§ DATA SUPPLIED
[Start of section]

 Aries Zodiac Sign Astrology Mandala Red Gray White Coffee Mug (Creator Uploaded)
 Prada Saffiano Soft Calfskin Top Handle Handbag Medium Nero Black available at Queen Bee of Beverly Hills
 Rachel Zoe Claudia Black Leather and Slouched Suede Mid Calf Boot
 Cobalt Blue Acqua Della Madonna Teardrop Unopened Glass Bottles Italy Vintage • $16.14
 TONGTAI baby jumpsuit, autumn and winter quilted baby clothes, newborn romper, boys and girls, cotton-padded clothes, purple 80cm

[End of section]
[Start of section]

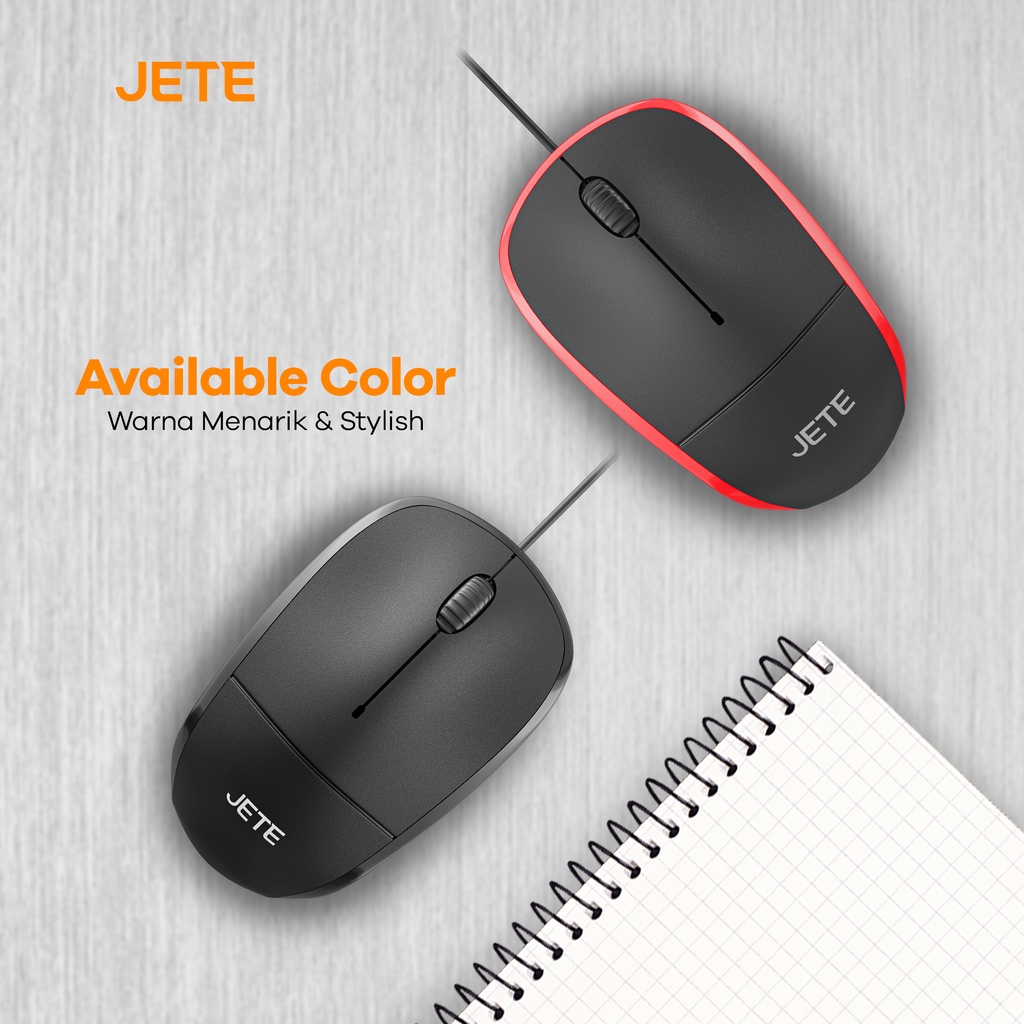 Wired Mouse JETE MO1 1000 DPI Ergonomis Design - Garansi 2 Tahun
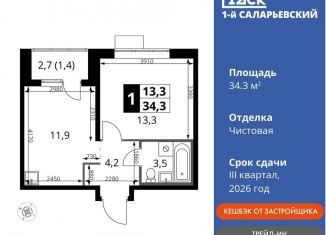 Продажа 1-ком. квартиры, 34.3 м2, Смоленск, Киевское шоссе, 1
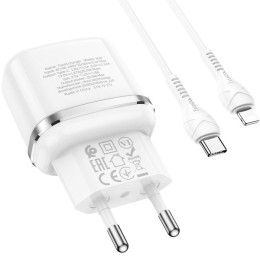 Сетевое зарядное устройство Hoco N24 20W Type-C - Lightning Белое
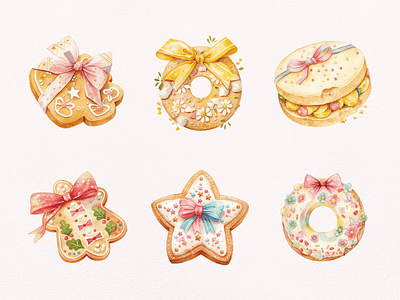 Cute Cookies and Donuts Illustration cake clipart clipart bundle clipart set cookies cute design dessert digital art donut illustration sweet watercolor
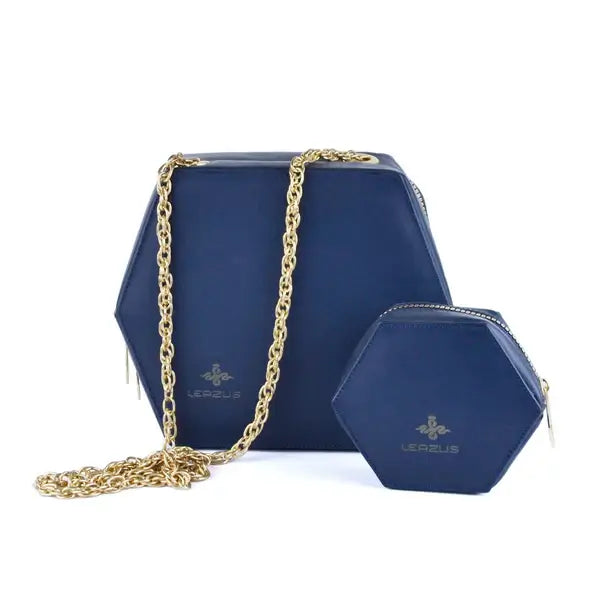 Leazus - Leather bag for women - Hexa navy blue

[End of section]

Nothing but the lines above from the line with "Сетевое зарядное устройство" up to and including the line with "Leazus - Leather" should be returned, exactly as written and without pictures.

§ COMPLETED EXERCISE
 Сетевое зарядное устройство Hoco N24 20W Type-C - Lightning Белое
 Cute Cookies and Donuts Illustration cake clipart clipart bundle clipart set cookies cute design dessert digital art donut illustration sweet watercolor
 Leazus - Leather bag for women - Hexa navy blue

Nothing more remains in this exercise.